Stored data.
◇ ◇ ◇ ◇ ◇

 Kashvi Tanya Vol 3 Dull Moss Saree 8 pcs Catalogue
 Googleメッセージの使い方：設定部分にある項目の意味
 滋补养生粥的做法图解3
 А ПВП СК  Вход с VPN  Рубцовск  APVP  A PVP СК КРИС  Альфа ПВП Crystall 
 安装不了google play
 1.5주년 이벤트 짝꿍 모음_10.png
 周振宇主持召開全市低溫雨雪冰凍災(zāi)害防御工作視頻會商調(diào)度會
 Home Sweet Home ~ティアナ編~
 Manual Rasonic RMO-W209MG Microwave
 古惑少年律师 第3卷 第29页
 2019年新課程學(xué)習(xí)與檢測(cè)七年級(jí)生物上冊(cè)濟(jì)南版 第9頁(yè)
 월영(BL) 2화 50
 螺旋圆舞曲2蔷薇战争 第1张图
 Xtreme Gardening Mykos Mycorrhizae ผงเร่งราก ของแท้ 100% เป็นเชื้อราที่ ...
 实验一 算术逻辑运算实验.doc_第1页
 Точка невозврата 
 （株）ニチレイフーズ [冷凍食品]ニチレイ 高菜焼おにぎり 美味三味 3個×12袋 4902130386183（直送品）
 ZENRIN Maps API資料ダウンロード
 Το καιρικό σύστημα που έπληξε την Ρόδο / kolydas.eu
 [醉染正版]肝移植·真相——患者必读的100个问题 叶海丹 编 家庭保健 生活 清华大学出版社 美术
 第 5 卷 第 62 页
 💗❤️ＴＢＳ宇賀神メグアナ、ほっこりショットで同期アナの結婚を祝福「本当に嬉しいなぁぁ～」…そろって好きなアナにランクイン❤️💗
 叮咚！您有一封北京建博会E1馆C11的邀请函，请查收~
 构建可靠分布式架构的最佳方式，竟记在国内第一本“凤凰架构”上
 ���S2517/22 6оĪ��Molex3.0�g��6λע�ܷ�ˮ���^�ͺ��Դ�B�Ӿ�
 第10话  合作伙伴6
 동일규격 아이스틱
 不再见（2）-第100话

◇ ◇ ◇ ◇ ◇

What the task asks. Each entry is to be output exactly as it was written.

Exercise answer.
 Kashvi Tanya Vol 3 Dull Moss Saree 8 pcs Catalogue
 Googleメッセージの使い方：設定部分にある項目の意味
 滋补养生粥的做法图解3
 А ПВП СК  Вход с VPN  Рубцовск  APVP  A PVP СК КРИС  Альфа ПВП Crystall 
 安装不了google play
 1.5주년 이벤트 짝꿍 모음_10.png
 周振宇主持召開全市低溫雨雪冰凍災(zāi)害防御工作視頻會商調(diào)度會
 Home Sweet Home ~ティアナ編~
 Manual Rasonic RMO-W209MG Microwave
 古惑少年律师 第3卷 第29页
 2019年新課程學(xué)習(xí)與檢測(cè)七年級(jí)生物上冊(cè)濟(jì)南版 第9頁(yè)
 월영(BL) 2화 50
 螺旋圆舞曲2蔷薇战争 第1张图
 Xtreme Gardening Mykos Mycorrhizae ผงเร่งราก ของแท้ 100% เป็นเชื้อราที่ ...
 实验一 算术逻辑运算实验.doc_第1页
 Точка невозврата 
 （株）ニチレイフーズ [冷凍食品]ニチレイ 高菜焼おにぎり 美味三味 3個×12袋 4902130386183（直送品）
 ZENRIN Maps API資料ダウンロード
 Το καιρικό σύστημα που έπληξε την Ρόδο / kolydas.eu
 [醉染正版]肝移植·真相——患者必读的100个问题 叶海丹 编 家庭保健 生活 清华大学出版社 美术
 第 5 卷 第 62 页
 💗❤️ＴＢＳ宇賀神メグアナ、ほっこりショットで同期アナの結婚を祝福「本当に嬉しいなぁぁ～」…そろって好きなアナにランクイン❤️💗
 叮咚！您有一封北京建博会E1馆C11的邀请函，请查收~
 构建可靠分布式架构的最佳方式，竟记在国内第一本“凤凰架构”上
 ���S2517/22 6оĪ��Molex3.0�g��6λע�ܷ�ˮ���^�ͺ��Դ�B�Ӿ�
 第10话  合作伙伴6
 동일규격 아이스틱
 不再见（2）-第100话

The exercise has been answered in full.